Problem requirements: Begin at the line below that has "Dessert Plate, Henriot Coq" and stop after the line that has "レボセチリジン塩酸塩錠5mg「JG」". Please restate only those lines, word for word.

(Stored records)
════════════════

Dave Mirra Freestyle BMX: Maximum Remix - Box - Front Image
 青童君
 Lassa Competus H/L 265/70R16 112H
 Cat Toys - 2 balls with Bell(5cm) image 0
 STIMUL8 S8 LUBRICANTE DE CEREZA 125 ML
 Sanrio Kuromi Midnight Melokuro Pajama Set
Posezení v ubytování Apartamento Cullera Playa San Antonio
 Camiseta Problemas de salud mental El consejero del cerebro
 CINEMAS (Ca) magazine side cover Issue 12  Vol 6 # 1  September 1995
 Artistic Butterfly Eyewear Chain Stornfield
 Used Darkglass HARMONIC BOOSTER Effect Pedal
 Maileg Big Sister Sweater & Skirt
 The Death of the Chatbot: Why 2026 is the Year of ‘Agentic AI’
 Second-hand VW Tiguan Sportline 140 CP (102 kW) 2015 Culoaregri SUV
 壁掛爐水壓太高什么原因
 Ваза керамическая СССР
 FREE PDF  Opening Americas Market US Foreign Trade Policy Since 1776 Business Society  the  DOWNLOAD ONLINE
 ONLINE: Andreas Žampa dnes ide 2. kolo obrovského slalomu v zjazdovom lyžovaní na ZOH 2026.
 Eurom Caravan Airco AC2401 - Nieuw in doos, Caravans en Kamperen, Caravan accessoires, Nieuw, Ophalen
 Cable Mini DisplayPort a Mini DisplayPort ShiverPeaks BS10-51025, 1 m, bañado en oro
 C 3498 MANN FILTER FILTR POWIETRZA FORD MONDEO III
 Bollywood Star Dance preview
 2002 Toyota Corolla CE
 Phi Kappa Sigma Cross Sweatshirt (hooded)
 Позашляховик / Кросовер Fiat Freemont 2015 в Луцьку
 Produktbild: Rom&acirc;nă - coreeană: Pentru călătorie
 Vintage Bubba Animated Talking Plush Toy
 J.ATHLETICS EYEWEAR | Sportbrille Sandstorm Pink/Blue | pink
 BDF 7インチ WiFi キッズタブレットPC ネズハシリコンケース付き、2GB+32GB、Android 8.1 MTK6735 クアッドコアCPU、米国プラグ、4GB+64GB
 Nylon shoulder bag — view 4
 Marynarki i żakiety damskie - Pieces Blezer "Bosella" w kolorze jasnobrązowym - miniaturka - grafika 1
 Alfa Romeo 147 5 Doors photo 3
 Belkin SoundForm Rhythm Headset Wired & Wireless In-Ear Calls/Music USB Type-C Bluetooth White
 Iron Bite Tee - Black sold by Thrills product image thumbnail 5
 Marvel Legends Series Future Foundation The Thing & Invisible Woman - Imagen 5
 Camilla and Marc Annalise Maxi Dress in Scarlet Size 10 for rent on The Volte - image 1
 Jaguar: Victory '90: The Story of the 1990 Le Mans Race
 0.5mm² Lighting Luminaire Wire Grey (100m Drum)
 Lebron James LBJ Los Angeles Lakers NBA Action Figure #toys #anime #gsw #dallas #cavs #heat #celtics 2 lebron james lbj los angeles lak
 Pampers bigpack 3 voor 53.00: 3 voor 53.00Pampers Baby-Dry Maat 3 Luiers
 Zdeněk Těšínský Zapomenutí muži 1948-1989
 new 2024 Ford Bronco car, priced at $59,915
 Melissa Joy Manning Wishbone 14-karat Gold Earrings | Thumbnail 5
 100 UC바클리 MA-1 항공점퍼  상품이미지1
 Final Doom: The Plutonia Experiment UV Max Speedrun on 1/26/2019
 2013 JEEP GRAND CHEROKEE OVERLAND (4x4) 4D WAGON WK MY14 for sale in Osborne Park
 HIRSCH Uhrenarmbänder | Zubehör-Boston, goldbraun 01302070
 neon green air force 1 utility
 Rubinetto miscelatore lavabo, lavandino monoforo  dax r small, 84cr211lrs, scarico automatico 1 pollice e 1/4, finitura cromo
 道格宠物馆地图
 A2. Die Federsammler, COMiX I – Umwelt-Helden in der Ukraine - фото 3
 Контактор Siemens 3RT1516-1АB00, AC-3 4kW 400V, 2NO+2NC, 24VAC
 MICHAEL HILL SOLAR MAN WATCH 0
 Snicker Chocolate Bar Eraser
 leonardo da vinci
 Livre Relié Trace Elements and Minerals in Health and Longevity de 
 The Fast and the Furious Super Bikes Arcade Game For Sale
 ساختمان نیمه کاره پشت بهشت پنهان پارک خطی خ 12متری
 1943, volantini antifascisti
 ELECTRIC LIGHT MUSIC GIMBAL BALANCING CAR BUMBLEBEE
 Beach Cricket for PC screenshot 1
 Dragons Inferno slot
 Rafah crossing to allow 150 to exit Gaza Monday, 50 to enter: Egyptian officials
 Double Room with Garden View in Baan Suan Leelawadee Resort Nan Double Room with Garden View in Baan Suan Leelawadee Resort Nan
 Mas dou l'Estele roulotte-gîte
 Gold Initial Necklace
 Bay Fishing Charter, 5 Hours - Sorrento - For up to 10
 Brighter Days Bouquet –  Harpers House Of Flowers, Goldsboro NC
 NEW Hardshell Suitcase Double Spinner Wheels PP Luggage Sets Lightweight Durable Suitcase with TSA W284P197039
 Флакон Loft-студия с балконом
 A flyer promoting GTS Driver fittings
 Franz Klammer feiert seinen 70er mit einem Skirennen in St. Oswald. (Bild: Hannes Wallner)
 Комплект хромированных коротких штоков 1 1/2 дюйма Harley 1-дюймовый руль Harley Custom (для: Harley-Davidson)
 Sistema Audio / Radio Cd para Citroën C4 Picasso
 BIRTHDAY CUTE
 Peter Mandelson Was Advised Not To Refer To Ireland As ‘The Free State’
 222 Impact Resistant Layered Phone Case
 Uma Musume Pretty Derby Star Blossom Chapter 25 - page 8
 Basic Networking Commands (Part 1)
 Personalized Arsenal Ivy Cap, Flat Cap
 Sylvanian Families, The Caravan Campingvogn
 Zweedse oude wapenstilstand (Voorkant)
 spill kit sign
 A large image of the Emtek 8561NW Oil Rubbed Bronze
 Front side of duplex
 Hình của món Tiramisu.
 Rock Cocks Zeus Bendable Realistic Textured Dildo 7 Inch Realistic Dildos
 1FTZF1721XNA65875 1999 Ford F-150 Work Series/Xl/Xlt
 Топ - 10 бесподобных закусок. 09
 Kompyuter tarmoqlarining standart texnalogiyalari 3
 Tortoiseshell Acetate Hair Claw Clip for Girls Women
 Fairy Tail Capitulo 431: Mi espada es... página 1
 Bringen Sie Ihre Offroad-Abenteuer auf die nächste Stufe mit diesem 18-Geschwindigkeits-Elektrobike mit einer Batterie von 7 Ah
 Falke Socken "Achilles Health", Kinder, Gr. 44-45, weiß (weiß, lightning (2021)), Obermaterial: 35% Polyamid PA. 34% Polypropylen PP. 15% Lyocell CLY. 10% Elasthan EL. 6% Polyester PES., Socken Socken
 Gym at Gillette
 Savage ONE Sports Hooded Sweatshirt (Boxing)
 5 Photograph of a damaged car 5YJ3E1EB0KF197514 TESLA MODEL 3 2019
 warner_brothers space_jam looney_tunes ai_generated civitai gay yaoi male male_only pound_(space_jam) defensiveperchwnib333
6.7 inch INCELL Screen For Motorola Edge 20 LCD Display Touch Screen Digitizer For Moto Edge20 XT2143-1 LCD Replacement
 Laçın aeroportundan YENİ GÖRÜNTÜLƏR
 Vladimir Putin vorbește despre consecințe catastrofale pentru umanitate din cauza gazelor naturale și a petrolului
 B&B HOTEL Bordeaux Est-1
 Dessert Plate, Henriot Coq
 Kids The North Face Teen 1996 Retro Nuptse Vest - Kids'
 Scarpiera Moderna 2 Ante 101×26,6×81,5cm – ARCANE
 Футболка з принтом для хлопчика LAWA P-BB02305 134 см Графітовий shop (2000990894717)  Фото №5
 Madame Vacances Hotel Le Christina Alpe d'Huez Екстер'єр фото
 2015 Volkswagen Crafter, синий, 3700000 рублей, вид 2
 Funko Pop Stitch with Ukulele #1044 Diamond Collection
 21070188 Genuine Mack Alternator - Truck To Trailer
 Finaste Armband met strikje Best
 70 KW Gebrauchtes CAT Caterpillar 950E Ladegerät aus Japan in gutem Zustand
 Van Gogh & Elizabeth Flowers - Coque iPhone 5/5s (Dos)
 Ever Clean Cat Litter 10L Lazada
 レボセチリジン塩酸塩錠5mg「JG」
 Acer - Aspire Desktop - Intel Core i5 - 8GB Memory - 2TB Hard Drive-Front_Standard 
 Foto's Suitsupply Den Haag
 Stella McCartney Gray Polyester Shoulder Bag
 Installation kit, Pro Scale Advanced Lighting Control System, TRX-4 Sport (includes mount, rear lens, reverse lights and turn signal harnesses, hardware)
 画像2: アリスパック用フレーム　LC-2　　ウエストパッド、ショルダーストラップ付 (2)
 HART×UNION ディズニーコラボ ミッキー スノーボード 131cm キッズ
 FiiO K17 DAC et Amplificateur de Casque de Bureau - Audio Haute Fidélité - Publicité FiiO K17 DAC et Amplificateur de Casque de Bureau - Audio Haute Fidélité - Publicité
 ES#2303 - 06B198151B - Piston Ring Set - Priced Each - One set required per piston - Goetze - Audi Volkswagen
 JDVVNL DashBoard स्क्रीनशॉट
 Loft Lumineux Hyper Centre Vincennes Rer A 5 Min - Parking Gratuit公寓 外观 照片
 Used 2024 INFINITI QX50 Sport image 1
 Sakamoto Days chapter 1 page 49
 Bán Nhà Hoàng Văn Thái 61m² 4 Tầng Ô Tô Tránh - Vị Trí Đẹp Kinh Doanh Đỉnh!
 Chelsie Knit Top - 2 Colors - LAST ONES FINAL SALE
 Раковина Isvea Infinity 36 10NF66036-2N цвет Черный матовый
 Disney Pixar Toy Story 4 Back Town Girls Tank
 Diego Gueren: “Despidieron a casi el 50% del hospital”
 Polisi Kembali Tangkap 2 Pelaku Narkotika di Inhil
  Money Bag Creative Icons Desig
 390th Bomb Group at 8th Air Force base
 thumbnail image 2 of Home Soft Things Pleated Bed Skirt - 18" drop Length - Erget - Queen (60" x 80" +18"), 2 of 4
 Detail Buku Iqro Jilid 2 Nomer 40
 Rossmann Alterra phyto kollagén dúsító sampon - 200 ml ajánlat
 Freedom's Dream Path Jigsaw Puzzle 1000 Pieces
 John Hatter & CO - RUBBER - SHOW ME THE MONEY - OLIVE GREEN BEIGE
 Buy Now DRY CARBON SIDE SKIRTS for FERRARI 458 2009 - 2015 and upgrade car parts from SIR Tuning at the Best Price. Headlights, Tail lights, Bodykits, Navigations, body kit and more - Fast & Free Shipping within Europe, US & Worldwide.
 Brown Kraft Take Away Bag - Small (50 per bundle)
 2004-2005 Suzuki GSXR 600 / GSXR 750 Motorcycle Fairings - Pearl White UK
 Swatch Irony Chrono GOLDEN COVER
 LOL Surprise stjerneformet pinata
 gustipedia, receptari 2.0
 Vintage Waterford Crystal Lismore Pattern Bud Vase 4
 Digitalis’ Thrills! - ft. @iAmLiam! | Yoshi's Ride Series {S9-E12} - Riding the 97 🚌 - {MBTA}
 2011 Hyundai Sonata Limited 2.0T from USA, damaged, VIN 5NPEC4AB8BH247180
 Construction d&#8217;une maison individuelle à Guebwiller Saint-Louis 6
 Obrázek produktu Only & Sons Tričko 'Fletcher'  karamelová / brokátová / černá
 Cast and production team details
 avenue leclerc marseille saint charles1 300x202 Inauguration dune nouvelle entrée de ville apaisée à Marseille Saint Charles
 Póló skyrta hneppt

════════════════

Output below:
 Dessert Plate, Henriot Coq
 Kids The North Face Teen 1996 Retro Nuptse Vest - Kids'
 Scarpiera Moderna 2 Ante 101×26,6×81,5cm – ARCANE
 Футболка з принтом для хлопчика LAWA P-BB02305 134 см Графітовий shop (2000990894717)  Фото №5
 Madame Vacances Hotel Le Christina Alpe d'Huez Екстер'єр фото
 2015 Volkswagen Crafter, синий, 3700000 рублей, вид 2
 Funko Pop Stitch with Ukulele #1044 Diamond Collection
 21070188 Genuine Mack Alternator - Truck To Trailer
 Finaste Armband met strikje Best
 70 KW Gebrauchtes CAT Caterpillar 950E Ladegerät aus Japan in gutem Zustand
 Van Gogh & Elizabeth Flowers - Coque iPhone 5/5s (Dos)
 Ever Clean Cat Litter 10L Lazada
 レボセチリジン塩酸塩錠5mg「JG」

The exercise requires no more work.